Intercos eyes US skin and hair care segments with $200M acquisition
Key takeaways
- Intercos is pursuing a US$100–200 million acquisition in the US skin and hair care sector.
- Its clients include major makeup players like Estée Lauder and Dolce & Gabanna.
- The move supports Intercos’ role as a strategic partner as brands shift supply chains closer to the US amid tariff pressures.
Intercos SpA is pursuing a US acquisition in skin and hair care valued at up to US$200 million. The Italian cosmetic supplier is seeking to strengthen its position in the world’s largest beauty market.
The company’s current clients include Estée Lauder and Dolce & Gabbana. It said the move would fill a gap in its US footprint, where the company currently operates two makeup plants but lacks capacity in skin and hair care.
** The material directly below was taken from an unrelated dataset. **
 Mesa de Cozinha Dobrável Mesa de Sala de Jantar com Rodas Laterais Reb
Intercos SpA has not yet revealed the company names it targets, but it is looking at businesses with annual revenue in the US$100–200 million range.
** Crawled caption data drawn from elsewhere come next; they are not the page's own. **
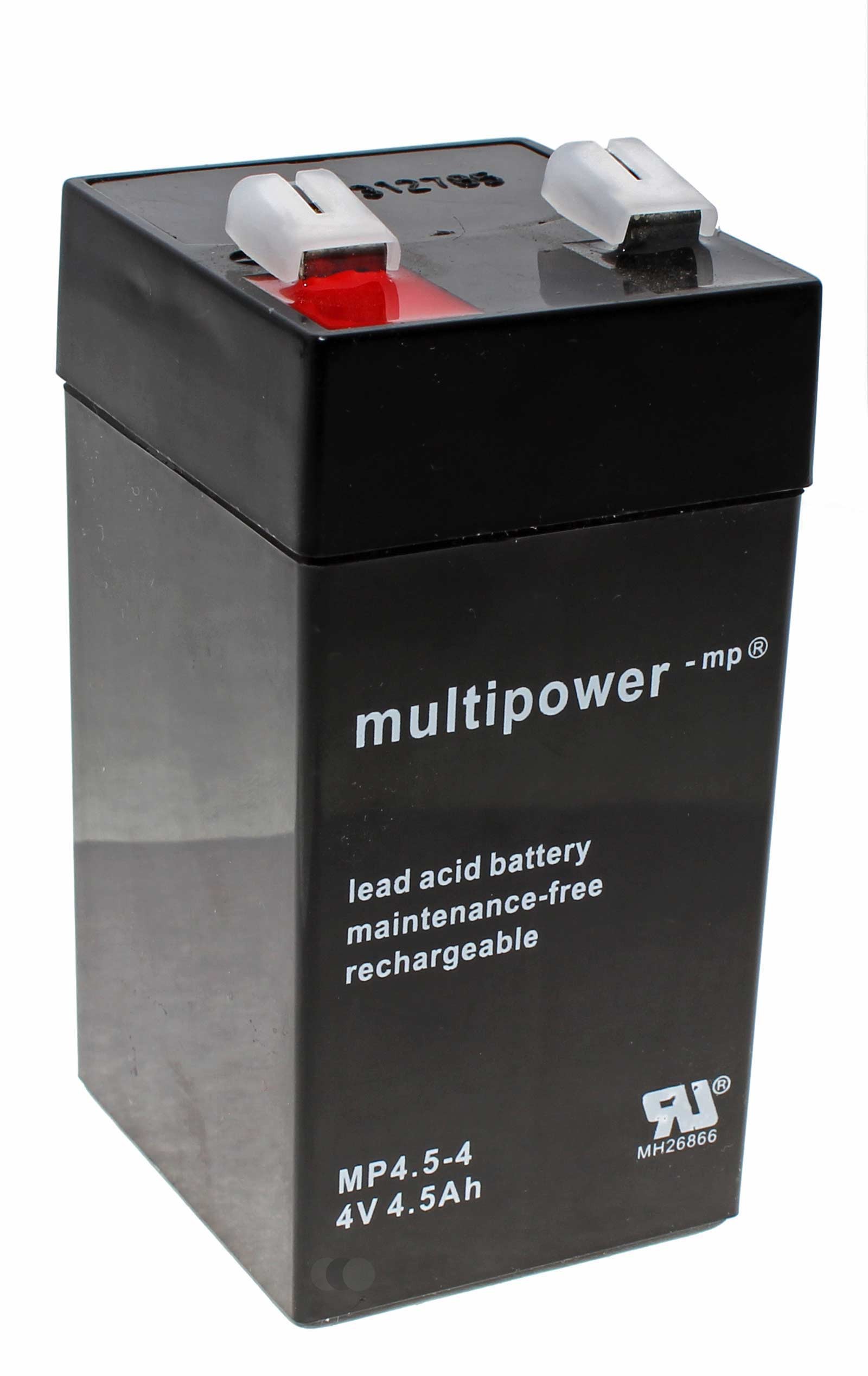 Multipower MP4.5-4 Blei Gel Akku mit 4 Volt, 4,5Ah Kapazität und 6,3mm Faston Kontakten.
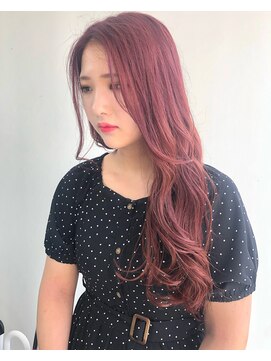 ヘアメイク オブジェ(hair make objet) 韓国スタイル ハイトーンピンク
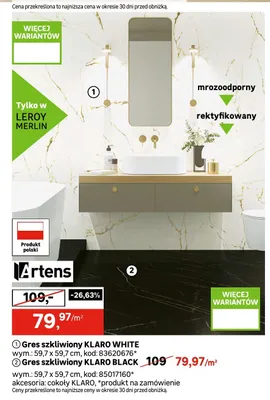 Gres szkliwiony Artens Klaro Black promocja w Leroy Merlin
CEO Renato Semerari has confirmed in an interview that the group identified at least one target company, but he does not expect a deal to close before the year’s end.
“We are proactively trying to buy a company in the skin and hair care sector in the US,” Semerari said. “There is a gap in our industrial footprint in that segment.”
Strategic expanse
According to the company, expanding into the skin and hair care categories is critical to win major contracts, given that many “trend-setting” brands originate in the US market.
Intercos posted sales of €525 million (US$616.6 million) in H1 2025, up 5% year-on-year. Its EBITDA rose 17% to €75 million (US$88 million).
Its full-year EBITDA is forecasted at €154.9 million (US$182 million), in line with analyst estimates.
The company is valued at around €1.17 billion (US$1.37 billion) and has managed tariff pressures by shifting production across its plants in South Korea, Italy, and the US.
Intercos’ clients include major makeup players like Estée Lauder and Dolce & Gabanna.Expanding into US skin and hair care manufacturing would close a capability gap and position Intercos to capture growth in categories that remain resilient despite turbulent inflation.
Personal Care Insights previously reported on brands’ strategic moves to avoid the weight of tariffs. Many companies are reassessing their supply chains to move production closer to the US, creating an opportunity for suppliers to gain new clients.
Tanya Menendez, CEO of Nearshore, told us: “Both suppliers and brands are actively negotiating with current partners and seeking competitive quotes from potential new manufacturing partners.”
Last month, Intercos’ client Estée Lauder reported a US$1.13 billion loss for fiscal 2025, with tariff-related headwinds expected to shave another US$100 million off in the next financial year.
The Italian supplier’s move works to reinforce its role as a strategic partner to global beauty brands, offering development, production, and packaging across a broader portfolio.